Tanto che qualcuno si è chiesto se ancora servono, se hanno ancora un ruolo e un senso i quotidiani.  Arrivano sempre “dopo la notizia”, mettono tutti lo stesso titolo in prima pagina, seguono diligentemente il pensiero unico e il potente di turno, ricalcano in fotocopia le solite sezioni interne: politica interna, esteri, cronaca, economia, sport…. Anche le parole sembrano piene di polvere, perché il linguaggio giornalistico, invece di arricchirsi, si è impoverito.  Il vocabolario dei quotidiani registra e riproduce quello del sottobosco politico e della chiacchiera televisiva, oppure insegue inutilmente la grande nuvola confusa del web.

Periscopio propone un nuovo modo di essere giornale, di fare informazione. di accostare Alto e Basso, di rapportarsi al proprio pubblico. Rompe compartimenti stagni delle sezioni tradizionali di quotidiani. Accoglie e dà riconosce uguale dignità a tutti i generi e tutti linguaggi: così in primo piano ci può essere una notizia, un commento, ma anche una poesia o una vignetta.  Abbandona la rincorsa allo scoop, all’intervista esclusiva, alla firma illustre, proponendo quella che abbiamo chiamato “informazione verticale”: entrare cioè nelle  “cose che accadono fuori e dentro di noi”, denunciare Il Vecchio che resiste e raccontare Il Nuovo che germoglia, stare dalla parte dei diritti e denunciare la diseguaglianza che cresce in Italia e nel mondo. .

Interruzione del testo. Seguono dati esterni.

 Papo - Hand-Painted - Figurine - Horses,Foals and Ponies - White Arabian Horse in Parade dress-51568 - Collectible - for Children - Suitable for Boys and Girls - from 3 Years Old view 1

Con il quotidiano di ieri, così si diceva, oggi ci si incarta il pesce. Non Periscopio, la sua “informazione verticale” non invecchia mai e dal nostro archivio di quasi 50.000 articoli (disponibile gratuitamente) si pescano continuamente contenuti utili per integrare le ultime notizie uscite. Non troverete mai, come succede in quasi tutti i quotidiani on line,  le prime tre righe dell’articolo in chiaro… e una piccola tassa per poter leggere tutto il resto.

Sembra una frase retorica ma non lo è: “Periscopio è un giornale senza padrini e senza padroni”. Siamo orgogliosamente antifascisti, pacifisti, nonviolenti, femministi, ambientalisti. Crediamo nella Sinistra (anche se la Sinistra non crede più a se stessa), ma non apparteniamo a nessuna casa politica, non fiancheggiamo nessun partito e nessun leader. Anzi, diffidiamo dei leader e dei capipopolo, perfino degli eroi. Non ci piacciono i muri, quelli materiali come  quelli immateriali, frutto del pregiudizio e dell’egoismo. Ci piace “il popolo” (quello scritto in Costituzione) e vorremmo cancellare “la nazione”, premessa di ogni guerra e  di ogni violenza.

Periscopio è quindi un giornale popolare, non nazionalpopolare. Un quotidiano “generalista”,  scritto per essere letto da tutti (“quelli che hanno letto milioni di libri o che non sanno nemmeno parlare” F. De Gregori), da tutti quelli che coltivano la curiosità, e non dalle elites, dai circoli degli addetti ai lavori, dagli intellettuali del vuoto e della chiacchiera.